Some of Mark's Baccus 6mm Bavarians on the parade ground before deployment. He also has some in the soft cap that they wore in 1866 as well as the Raupenhelm. I told him he needs to get flocking - as we all know, beautifying bases makes a difference! - but of course, time spent flocking is time he can't spend writing more excellent scenarios for us.
 
Our game was a jolly romp and a good introduction for our new players, who took the Prussian side along with David B against me and Phil as the Bavarians. I had a bit-part, commanding the screen along the river. My battalion facing Luke and Ben in Kissingen itself was swiftly crushed by needlegun-armed Prussians stampeding across the bridge. My boys further north in Friedrichshall did rather better, holding up von Manteuffel (David) for several hours, much to his frustration ... until I got cocky and advanced my right flank battalion out of its nice defensive position in an objective village (Hausen) behind a river, only to find itself embarrassed, isolated and annihilated.

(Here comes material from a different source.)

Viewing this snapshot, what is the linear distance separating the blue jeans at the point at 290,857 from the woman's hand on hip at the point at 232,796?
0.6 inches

The serious action was in the centre and left. Flushed with success, Luke's Prussians pushed forward and found themselves in the killing zone of Phil's guns and longer-ranged rifles. His first regiment learned a hard lesson. But more followed, pressing on into Winkels itself while Ben's troops took two objectives on the heights in the south (our left flank).

As Bavarian reinforcements began arriving in force, the Prussians had a glorious chance to seize the remaining height north of Winkels. Our regiment there had been battered by Prussian fire and its guns driven off. Two Prussian regiments stormed up the hill - and the defenders rolled 12, the 3% chance they needed to halt the assault which would otherwise surely have crushed them.

This was the turning point of the game, after which swelling Bavarian numbers became inexorable. Such are the fortunes of war!

Only one photo of the actual game, sorry - I was too busy yakking:

Those are not islands in the sea - the lighting just makes Mark's cloth look blue instead of green! The little village is Winkels in the centre of the battlefield. The heights either side of it are where the main Bavarian stand took place. Prussians approach from right of pic. Led by the Lippe-Detmold battalion, they have surged onto the further height and are about to expel its Bavarian defenders. The nearer Bavarian regiment has had its artillery silenced (yellow cubes) and is about to be half blown away by massed Prussian guns. The disrupted Prussians in the centre are about to rally to storm this height, only to be thwarted by a last desperate volley from the few remaining Bavarians there.

 

Reflections

Another fun scenario from Mark's expert pen: a game of two halves in which both sides get to move and attack, the Prussians first surging forward, then having to repel Bavarian counterattacks.

Pay attention to the briefing! I might have done better had I brought my potentially counter-attacking reinforcements on where they were supposed to arrive, rather than two feet more distant from the enemy. It was all there on the scenario handout. Oh well - generals can be careless as well as players.

Exotic units add colour. Two bases of troops on the Prussian side represented the entire Lippe-Detmold contribution to the war, a battalion in nice green uniforms with a fetching red and yellow Lippe flag (glimpsable in the photo above). The pleasure of little aesthetic touches like that is why we game with figures rather just cardboard counters.

There's so much history to enjoy. I knew there was significant action in southern and western Germany in 1866, as covered by Mike Embree's book on those campaigns, 'Too Little, Too Late' (on my to-read list), but playing this game has given me a better sense of what went on.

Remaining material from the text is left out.